• CONTROL THEORY AND APPLICATION •

### Knowledge transfer in multi-agent reinforcement learning with incremental number of agents

Wenzhang LIU1(), Lu DONG2(), Jian LIU1(), Changyin SUN1,*()

1. 1 School of Automation, Southeast University, Nanjing 210096, China
2 School of Cyber Science and Engineering, Southeast University, Nanjing 211189, China
• Received:2021-08-13 Accepted:2022-03-07 Online:2022-05-06 Published:2022-05-06
• Contact: Changyin SUN E-mail:wzliu@seu.edu.cn;ldong90@seu.edu.cn;bkliujian@163.com;cysun@seu.edu.cn
• About author:|LIU Wenzhang was born in 1993. He is a Ph.D. student in the School of Automation, Southeast University, Nanjing, China. He received his B.S. degree in engineering from Jilin University, Changchun, China, in 2016. He is currently working toward his Ph.D. degree in control science and engineering at Southeast University. His research interests include machine learning, deep reinforcement learning, optimal control, and multi-agent cooperative control. E-mail: wzliu@seu.edu.cn||DONG Lu was born in 1990. She received her B.S. degree in physics and Ph.D. degree in electrical engineering from Southeast University, Nanjing, China, in 2012 and 2017, respectively.
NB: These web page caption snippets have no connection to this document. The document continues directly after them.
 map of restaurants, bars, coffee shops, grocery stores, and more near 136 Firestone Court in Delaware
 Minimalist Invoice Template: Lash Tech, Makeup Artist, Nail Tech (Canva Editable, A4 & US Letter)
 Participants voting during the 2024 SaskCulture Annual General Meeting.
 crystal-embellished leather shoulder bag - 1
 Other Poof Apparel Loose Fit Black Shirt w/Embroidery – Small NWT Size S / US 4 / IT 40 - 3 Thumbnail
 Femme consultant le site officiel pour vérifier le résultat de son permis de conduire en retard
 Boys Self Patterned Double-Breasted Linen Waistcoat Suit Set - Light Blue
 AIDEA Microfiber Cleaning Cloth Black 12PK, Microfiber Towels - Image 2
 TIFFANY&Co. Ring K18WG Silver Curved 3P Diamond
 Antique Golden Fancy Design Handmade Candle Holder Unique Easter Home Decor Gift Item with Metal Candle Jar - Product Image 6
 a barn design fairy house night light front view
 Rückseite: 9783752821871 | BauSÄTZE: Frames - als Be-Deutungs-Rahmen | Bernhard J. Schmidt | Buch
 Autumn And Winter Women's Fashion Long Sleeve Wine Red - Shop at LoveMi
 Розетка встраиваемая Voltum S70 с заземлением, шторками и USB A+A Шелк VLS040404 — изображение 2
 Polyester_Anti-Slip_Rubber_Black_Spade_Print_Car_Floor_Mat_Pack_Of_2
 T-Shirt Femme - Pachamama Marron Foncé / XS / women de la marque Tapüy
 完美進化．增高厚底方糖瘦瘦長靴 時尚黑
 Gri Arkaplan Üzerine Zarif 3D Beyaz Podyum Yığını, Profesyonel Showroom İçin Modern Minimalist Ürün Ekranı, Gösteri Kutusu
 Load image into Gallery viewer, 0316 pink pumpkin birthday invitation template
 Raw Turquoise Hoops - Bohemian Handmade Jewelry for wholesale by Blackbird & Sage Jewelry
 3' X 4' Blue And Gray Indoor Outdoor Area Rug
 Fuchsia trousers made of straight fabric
She is currently an associate professor with the School of Cyber Science and Engineering, Southeast University. Her current research interests include adaptive dynamic programming, event-triggered control, nonlinear system control and optimization. E-mail: ldong90@seu.edu.cn||LIU Jian was born in 1992. He received his B.S. and Ph.D. degrees from the School of Automation and Electrical Engineering, University of Science and Technology Beijing, Beijing, China, in 2015 and 2020, respectively. From September 2017 to September 2018, he was a joint training student with the Department of Mathematics, Dartmouth College, Hanover, NH, USA. From 2020 to 2021, he was a postdoctoral fellow with the School of Automation, Southeast University, Nanjing, China, where he is currently an associate professor. His current research interests include multi-agent systems, nonlinear control, event-triggered control, and fixed-time control. E-mail: bkliujian@163.com||SUN Changyin was born in 1975. He received his B.S. degree in applied mathematics from the College of Mathematics, Sichuan University, Chengdu, China, in 1996, and M.S. and Ph.D. degrees in electrical engineering from Southeast University, Nanjing, China, in 2001 and 2004, respectively. He is currently a professor with the School of Automation, Southeast University, Nanjing, China. His current research interests include intelligent control, flight control, and optimal theory. He is an associate editor of the IEEE Transactions on Neural Networks and Learning Systems, Neural Processing Letters, and the IEEE/CAA Journal of Automatica Sinica. E-mail: cysun@seu.edu.cn
• Supported by:
This work was supported by the National Key R&D Program of China (2018AAA0101400), the National Natural Science Foundation of China (62173251; 61921004; U1713209), the Natural Science Foundation of Jiangsu Province of China (BK20202006), and the Guangdong Provincial Key Laboratory of Intelligent Decision and Cooperative Control.

Abstract:

In this paper, the reinforcement learning method for cooperative multi-agent systems (MAS) with incremental number of agents is studied. The existing multi-agent reinforcement learning approaches deal with the MAS with a specific number of agents, and can learn well-performed policies. However, if there is an increasing number of agents, the previously learned in may not perform well in the current scenario. The new agents need to learn from scratch to find optimal policies with others, which may slow down the learning speed of the whole team. To solve that problem, in this paper, we propose a new algorithm to take full advantage of the historical knowledge which was learned before, and transfer it from the previous agents to the new agents. Since the previous agents have been trained well in the source environment, they are treated as teacher agents in the target environment. Correspondingly, the new agents are called student agents. To enable the student agents to learn from the teacher agents, we first modify the input nodes of the networks for teacher agents to adapt to the current environment. Then, the teacher agents take the observations of the student agents as input, and output the advised actions and values as supervising information. Finally, the student agents combine the reward from the environment and the supervising information from the teacher agents, and learn the optimal policies with modified loss functions. By taking full advantage of the knowledge of teacher agents, the search space for the student agents will be reduced significantly, which can accelerate the learning speed of the holistic system. The proposed algorithm is verified in some multi-agent simulation environments, and its efficiency has been demonstrated by the experiment results.